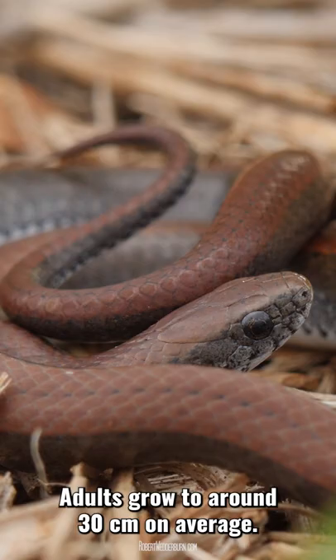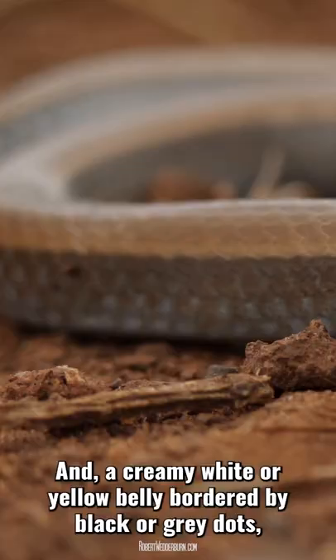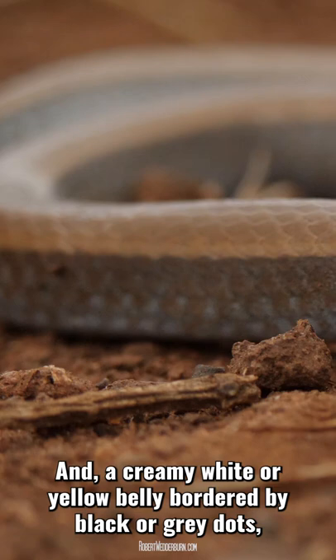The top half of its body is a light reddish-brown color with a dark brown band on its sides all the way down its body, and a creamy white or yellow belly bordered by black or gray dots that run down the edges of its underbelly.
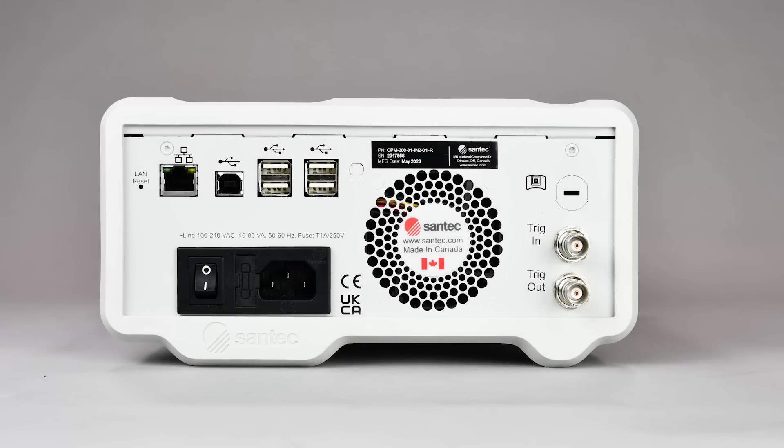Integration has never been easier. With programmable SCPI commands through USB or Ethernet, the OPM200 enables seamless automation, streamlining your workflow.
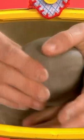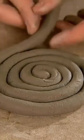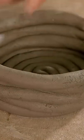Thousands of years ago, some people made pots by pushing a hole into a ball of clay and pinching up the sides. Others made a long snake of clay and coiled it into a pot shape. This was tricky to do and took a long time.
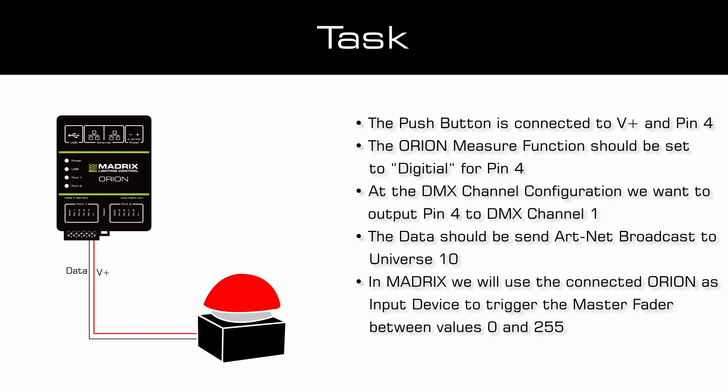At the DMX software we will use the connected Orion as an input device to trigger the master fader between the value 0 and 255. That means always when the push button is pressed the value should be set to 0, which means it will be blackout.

════════════════════

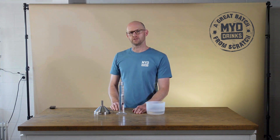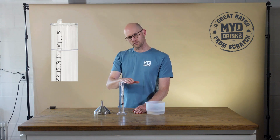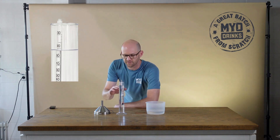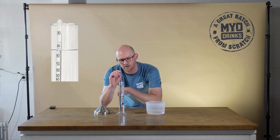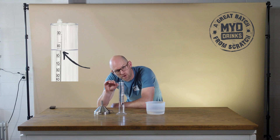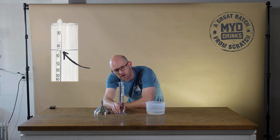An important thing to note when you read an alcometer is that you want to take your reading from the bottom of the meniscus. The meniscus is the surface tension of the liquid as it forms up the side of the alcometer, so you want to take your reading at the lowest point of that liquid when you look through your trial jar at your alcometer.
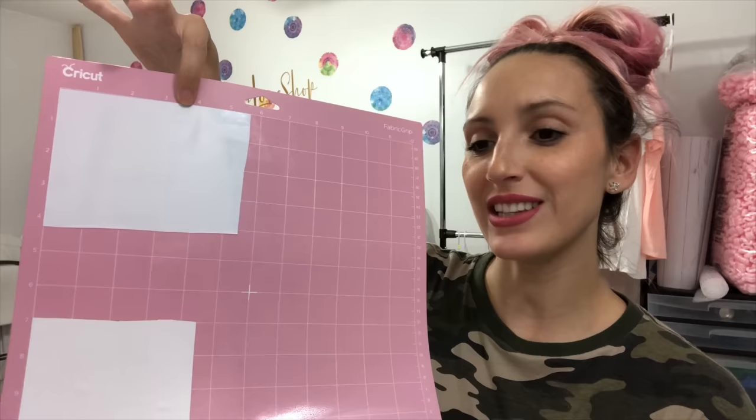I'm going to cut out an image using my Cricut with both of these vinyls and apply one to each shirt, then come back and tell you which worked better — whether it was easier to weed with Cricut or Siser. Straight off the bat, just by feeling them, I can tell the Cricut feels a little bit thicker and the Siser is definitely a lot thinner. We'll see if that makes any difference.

════════════════════

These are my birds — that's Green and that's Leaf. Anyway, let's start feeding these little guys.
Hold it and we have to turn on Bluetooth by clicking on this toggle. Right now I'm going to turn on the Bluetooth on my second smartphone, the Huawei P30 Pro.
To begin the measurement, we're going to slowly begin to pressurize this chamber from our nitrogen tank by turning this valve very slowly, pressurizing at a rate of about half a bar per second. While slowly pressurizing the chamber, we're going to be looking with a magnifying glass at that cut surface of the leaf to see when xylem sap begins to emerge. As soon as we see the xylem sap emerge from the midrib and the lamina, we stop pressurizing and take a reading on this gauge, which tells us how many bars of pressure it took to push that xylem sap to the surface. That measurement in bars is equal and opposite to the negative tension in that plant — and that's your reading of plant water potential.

════════════════════

§ **TASK DESCRIPTION**:
Copy only what runs above from the line containing "Integration has never" through the line containing "At the DMX software", exactly. Leave out the pictures.

§ **YOUR SOLUTION**:
Integration has never been easier. With programmable SCPI commands through USB or Ethernet, the OPM200 enables seamless automation, streamlining your workflow.
Thousands of years ago, some people made pots by pushing a hole into a ball of clay and pinching up the sides. Others made a long snake of clay and coiled it into a pot shape. This was tricky to do and took a long time.
At the DMX software we will use the connected Orion as an input device to trigger the master fader between the value 0 and 255. That means always when the push button is pressed the value should be set to 0, which means it will be blackout.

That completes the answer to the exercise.